UIT The arctic university of Norway > Giellatekno

Analysing Norwegian at Giellatekno

Giellatekno's main focus is on the Saami langauges and other circumpolar minority languages. As part of our work we need to build bilingual resources. This is where Norwegian comes in. For analysing Norwegian we either use the Oslo-Bergen tagger, or we use our own resources.

Documentation on the Norwegian analyser Oslo-Bergen-taggeren

The Oslo-Bergen tagger is available for Bokmål and Nynorsk. It has an official webpage, where it is available under GPL, this documentation is for the Giellatekno in-house use of it.

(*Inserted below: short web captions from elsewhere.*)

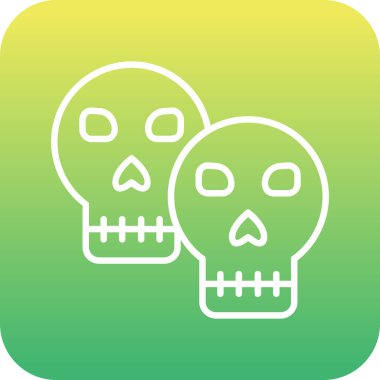 kafatası simgesi vektör illüstrasyonu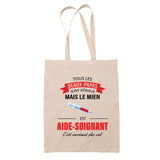 Sac Tote Bag Fête des Mères Fêtes des Pères Mamie Papi Famille Idée Cadeau anniversaire Noël Travail Boulot Métier Départ Retraite Collègue Femme Homme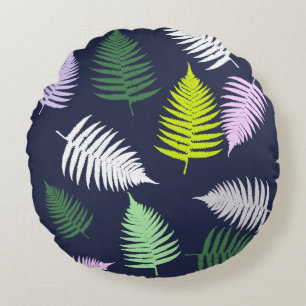 Pastel Colors Lucky Fern Rundes Kissen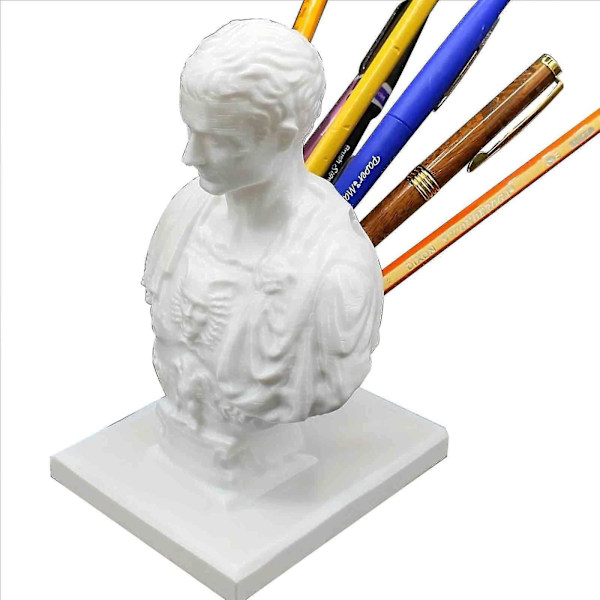 Julius Caesar Ides Of March Penna / Pennhållare Skulptur Desktop Organizer-yuyu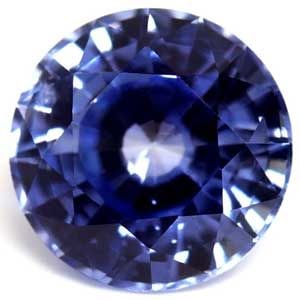 Loose Sapphire Gemstone 1.14ct Blue - Round: Loose Sapphire Gemstone 1.14ct Blue - Round Van Cleef & Arpels necklace made of 18K white gold featuring a mother of pearl pendant, 37cm to 42cm in circumference, in very good used condition. Item Spe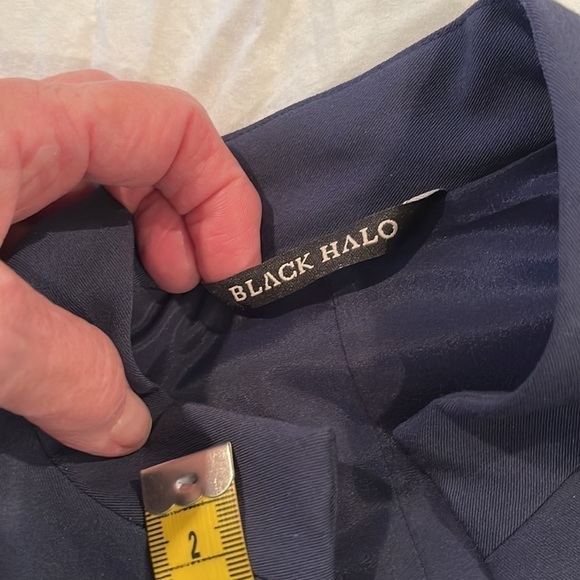 Black Halo blue dress. - Picture 9 of 10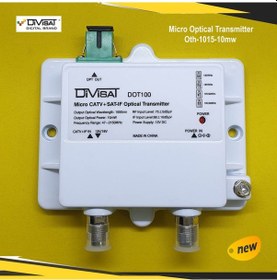 Resim Divisat Fiber Optic Transmitter Catv + Sat 10Mw 47-2150Mhz 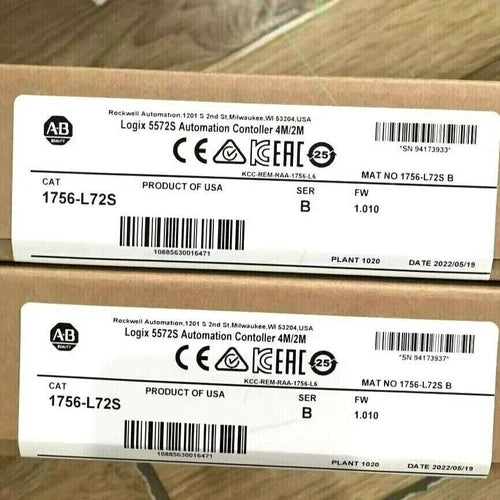 1756-L72S Allen-Bradley Factory Sealed AB SER B GuardLogix 5572S Controller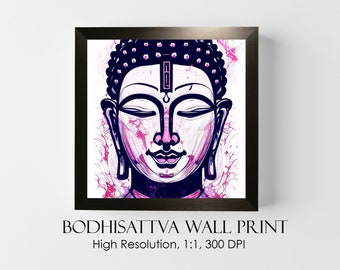 Buddha Wall Art| Beautiful Zen Wall Art | Buddha Painting | 1x1 Printable Wall Art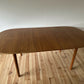 Mid Century Teak Dining Table Extending Vintage Retro Table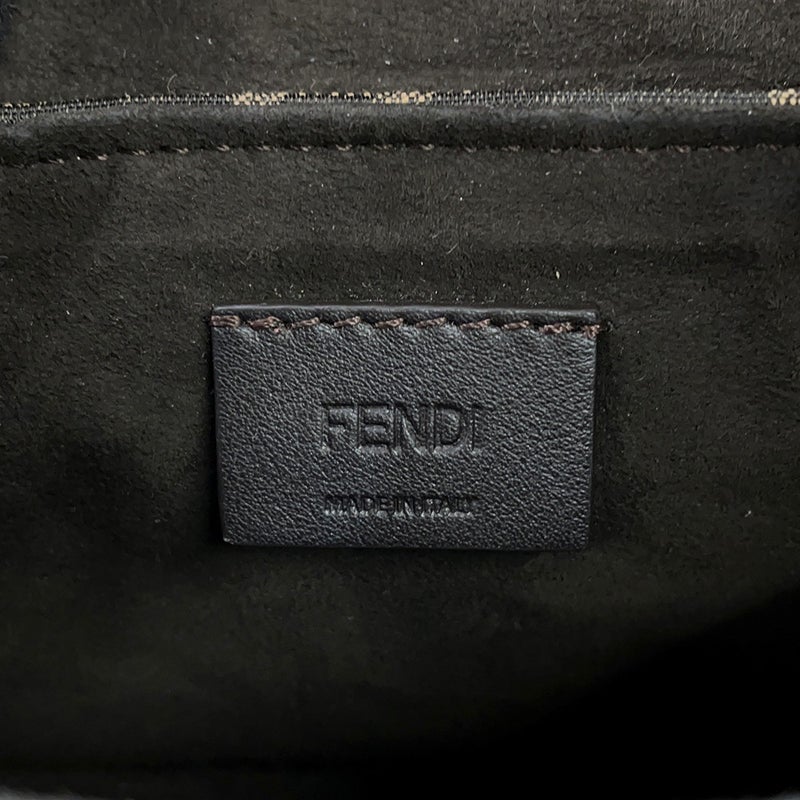 フェンディ ハンドバッグ クッキー ミニ ズッカ 8BS065 FENDI ショルダー 黒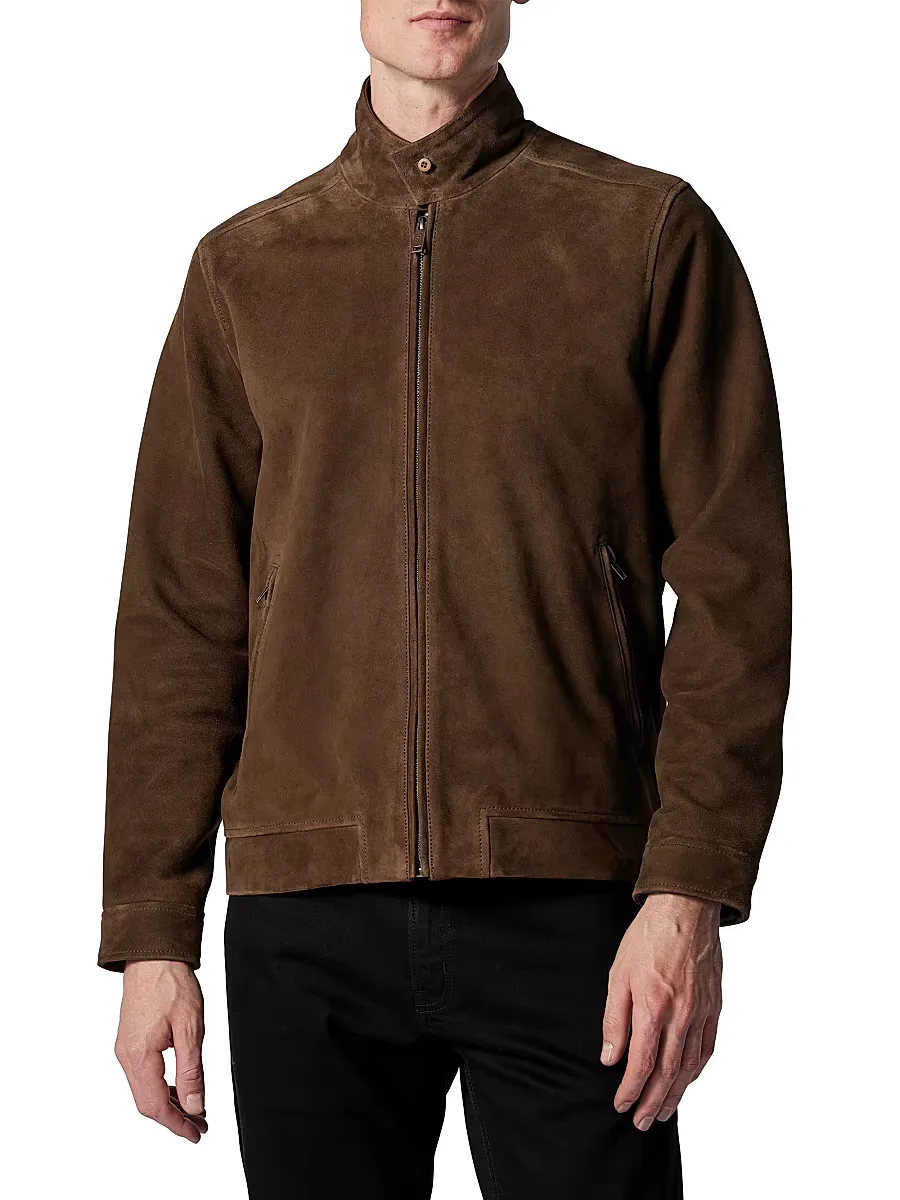 Glen Massey Suede Jacket by Rodd & Gunn
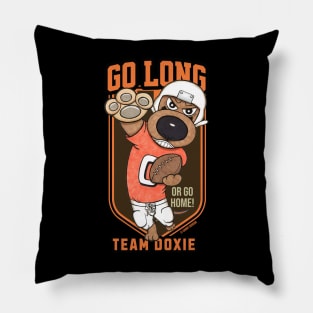 Cute Funny Doxie Dachshund Dog Football Player Pillow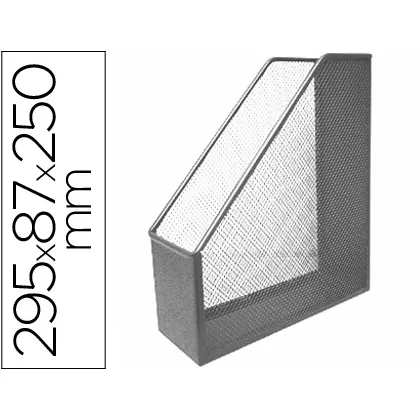 Revistero Metalico Q-Connect Rejilla GXA29 Gris 87X295X250 MM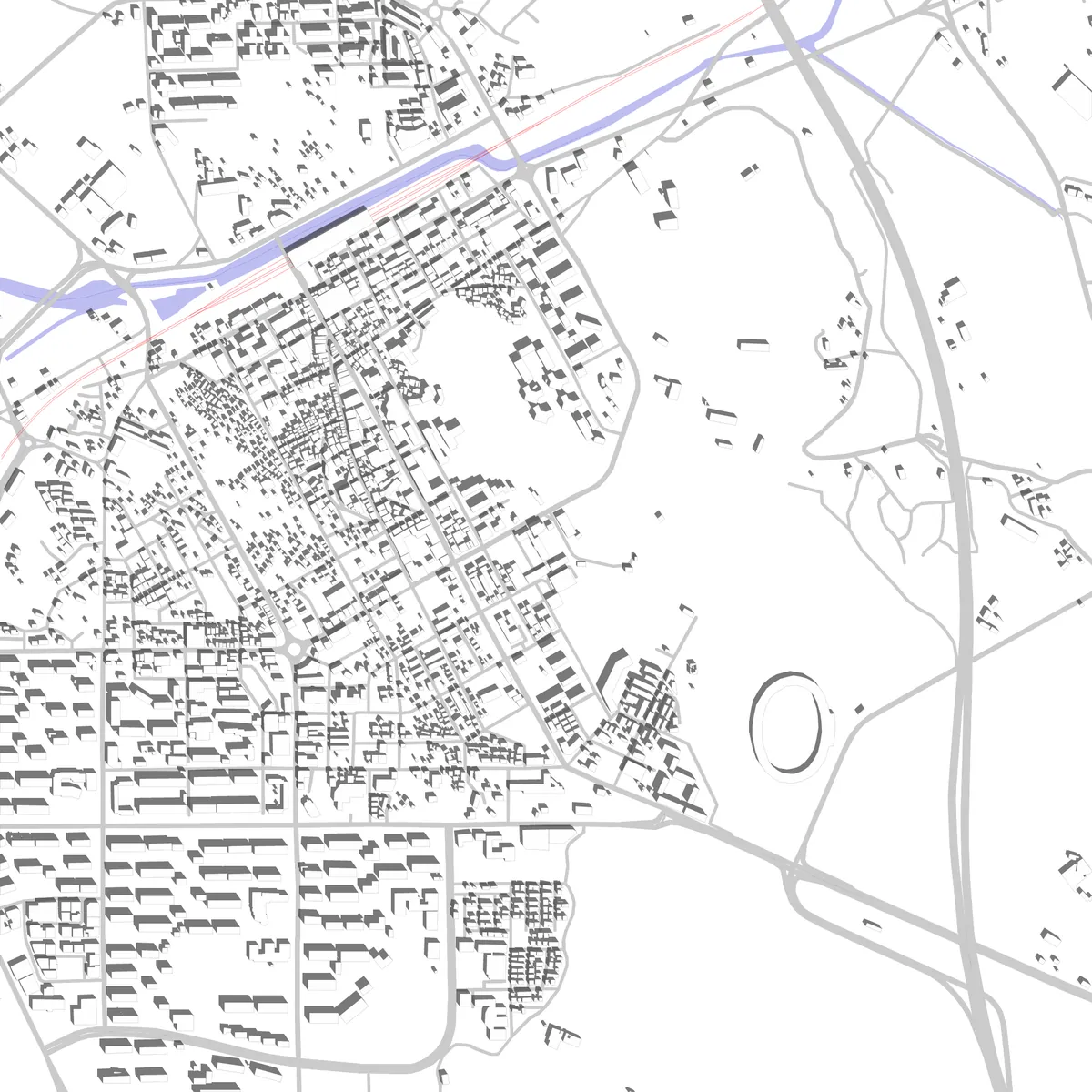 Paju site plan (2.5 km)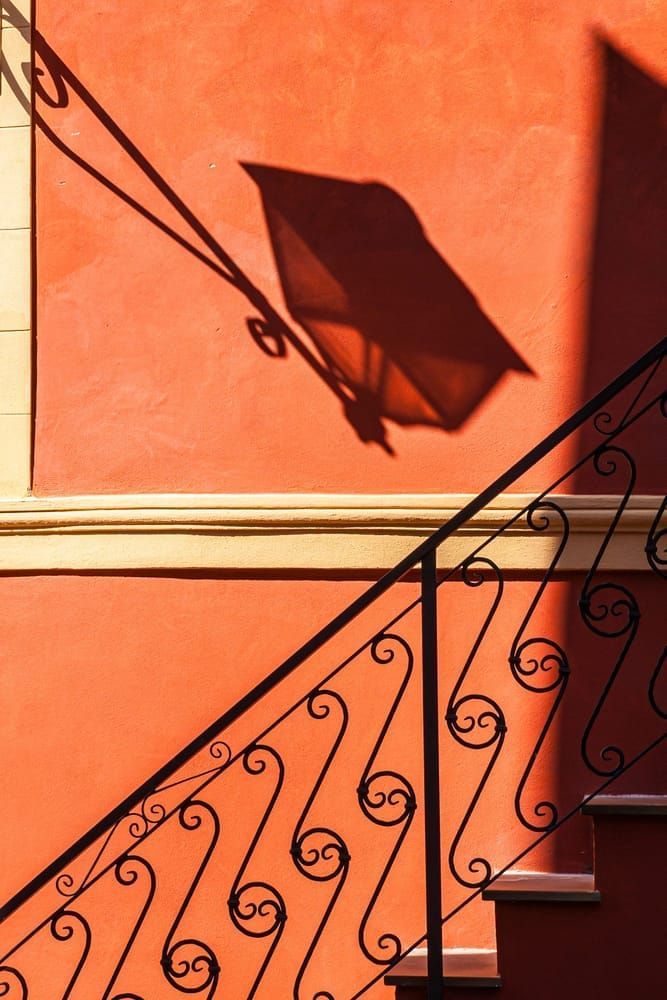 Shadows and stairs, Monterosso al Mare, Italy.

Documentation on our own resources for Norwegian

The Norwegian analysers at Giellatekno are found in $GTHOME/langs/nob and $GTHOME/st/nno/src (and as all our source code, on the net as well). The analysers are modeled like all the other Giellatekno languages. In order to compile, go to the src/ catalogue and write make. The binaries will then be found in the neighbouring catalogue.

The nob.fst analyser was an auxiliary device made for analysing Norwegian at a time when the Oslo-Bergen tagger was not freely available. It is based upon a huge wordform list, most of which has been manually converted to lemma/stem-based lexc format. The key word is "most of", which means that for use when good results are critical one should use the Oslo-Bergen tagger instead. For less critical use, one might want to take advantage of the similarity between nob.fst and our other languages, and just use it.

The nno.fst analyser contains lemma lists, and thus have fewer lemmatisation errors, but here the grammatical analyser is not that good. Again, the obt is probably better.